*ACTION ITEM*: Look through the data below for the line with "初中历史中考复习 精品解析：贵州省遵义市2020年中考历史试题（原卷版）03" and the line with "Здоровый Образ Жизни Смешные Картинки", then transcribe exactly from the first through the second, leaving out all pictures.

*RECORDS FOR THIS TASK*:
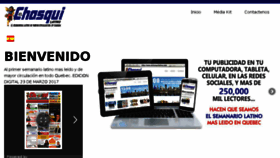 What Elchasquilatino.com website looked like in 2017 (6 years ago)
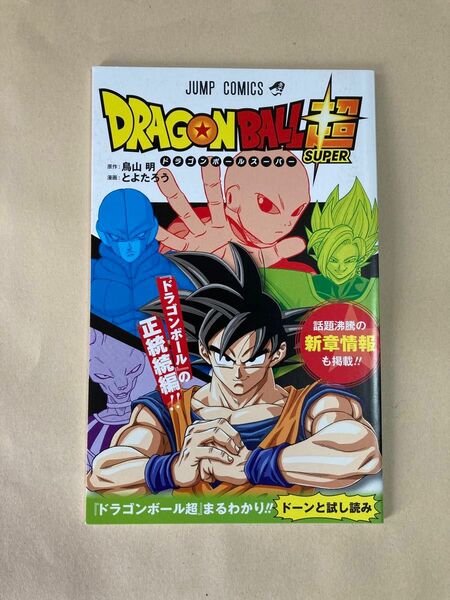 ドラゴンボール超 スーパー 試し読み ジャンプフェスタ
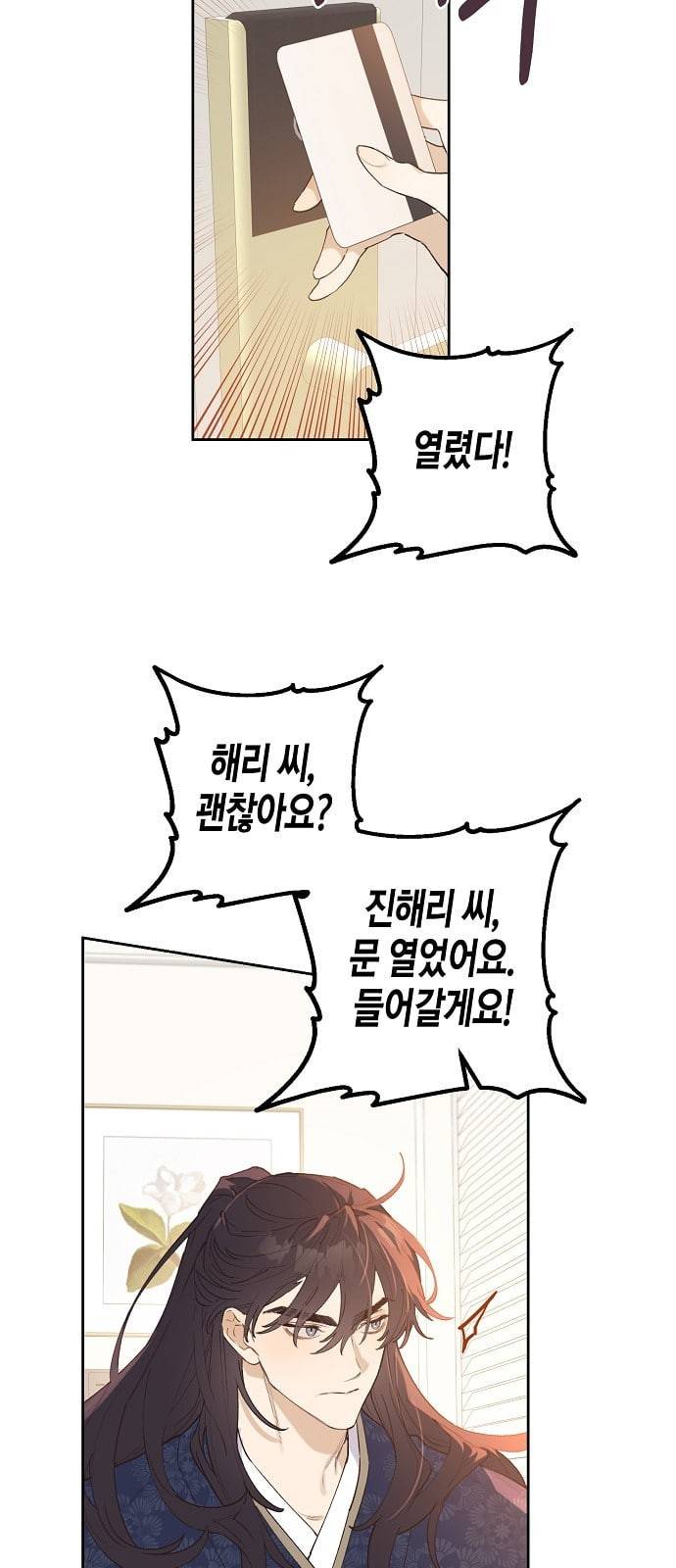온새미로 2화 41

--

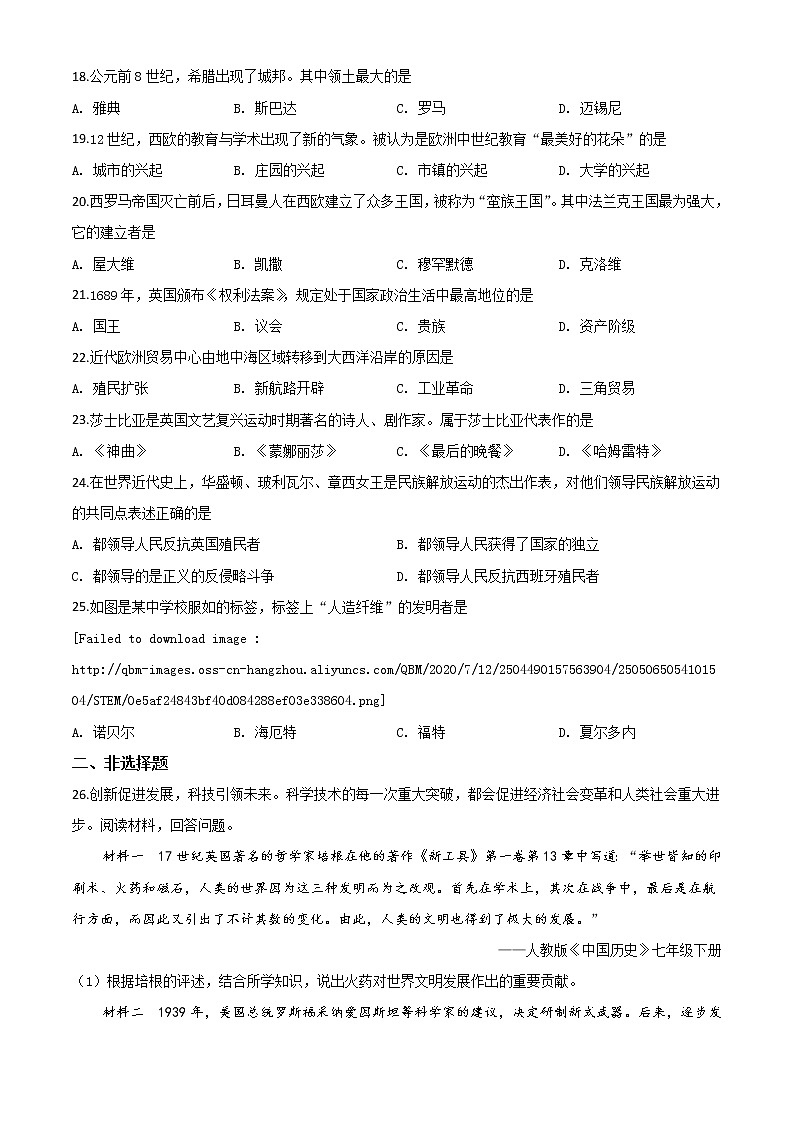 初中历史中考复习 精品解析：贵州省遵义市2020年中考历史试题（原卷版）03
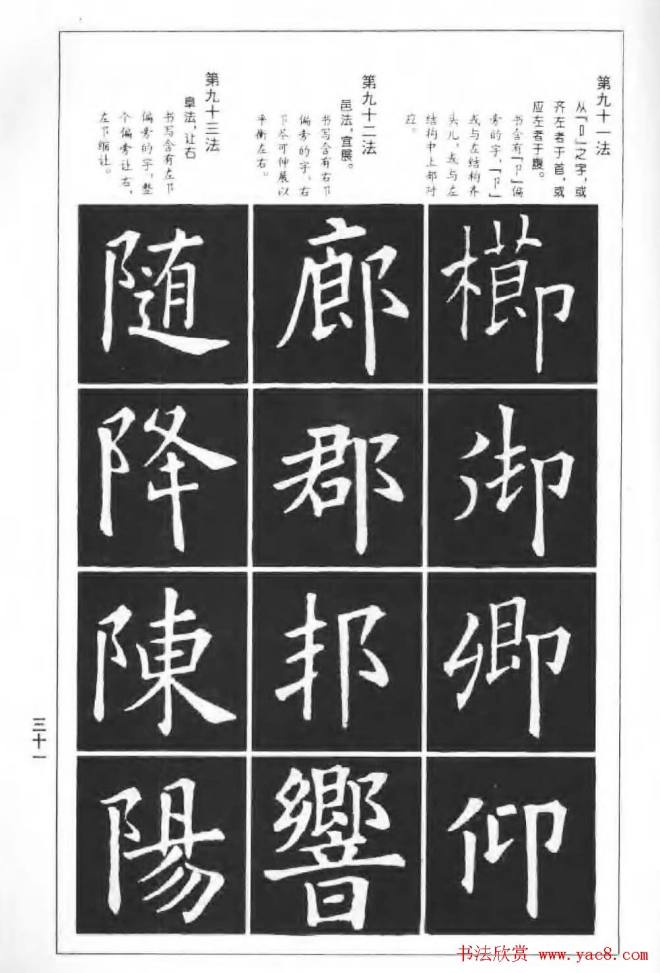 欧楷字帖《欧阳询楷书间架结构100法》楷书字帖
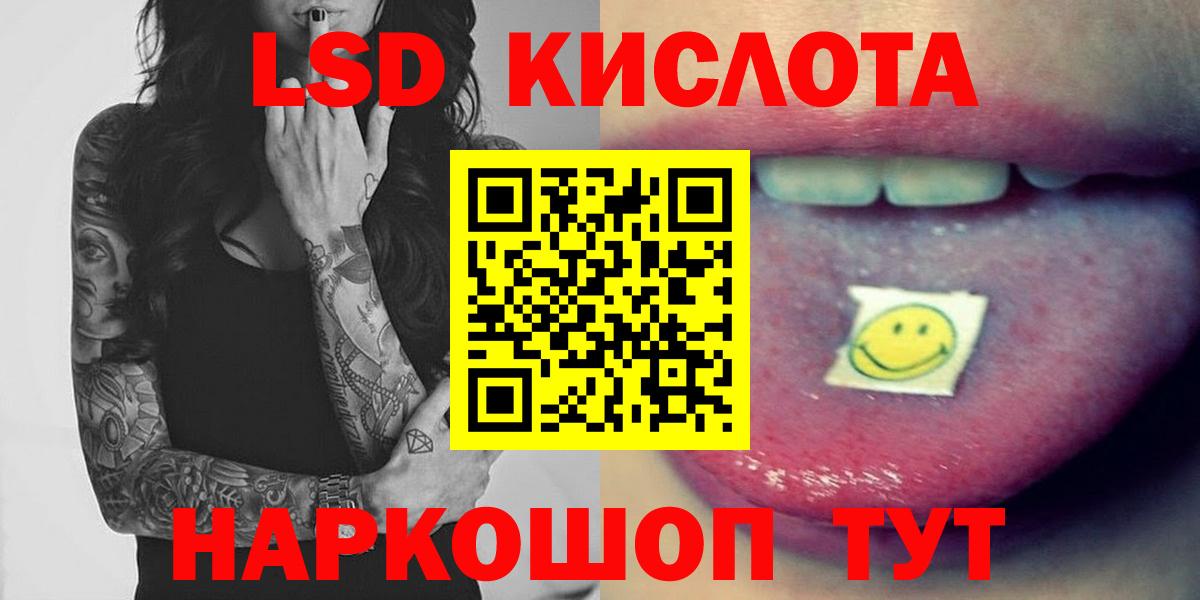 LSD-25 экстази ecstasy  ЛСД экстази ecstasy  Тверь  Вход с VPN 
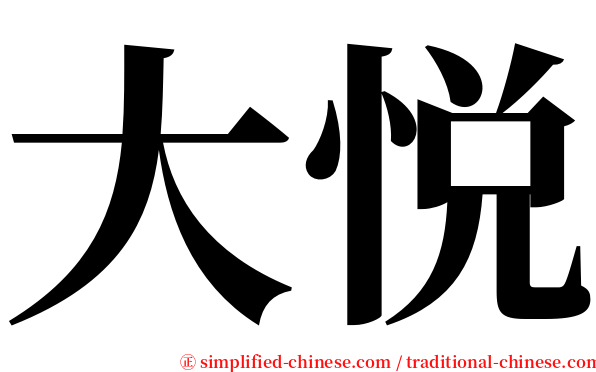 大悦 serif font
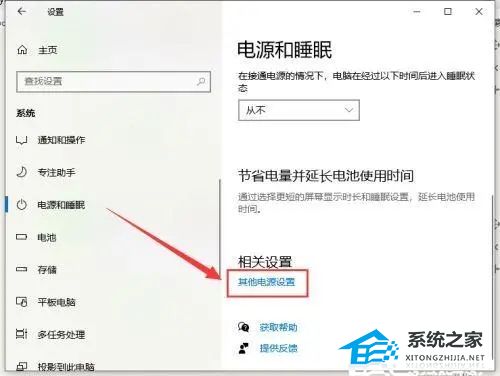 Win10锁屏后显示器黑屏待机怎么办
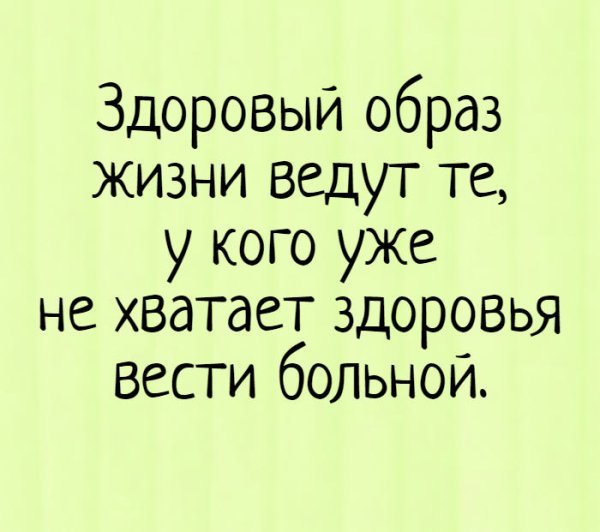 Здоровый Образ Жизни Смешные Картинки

*RESULT FOR THIS TASK*:
 初中历史中考复习 精品解析：贵州省遵义市2020年中考历史试题（原卷版）03
 欧楷字帖《欧阳询楷书间架结构100法》楷书字帖
 LSD-25 экстази ecstasy  ЛСД экстази ecstasy  Тверь  Вход с VPN 
 大悦 serif font
 Win10锁屏后显示器黑屏待机怎么办
 Здоровый Образ Жизни Смешные Картинки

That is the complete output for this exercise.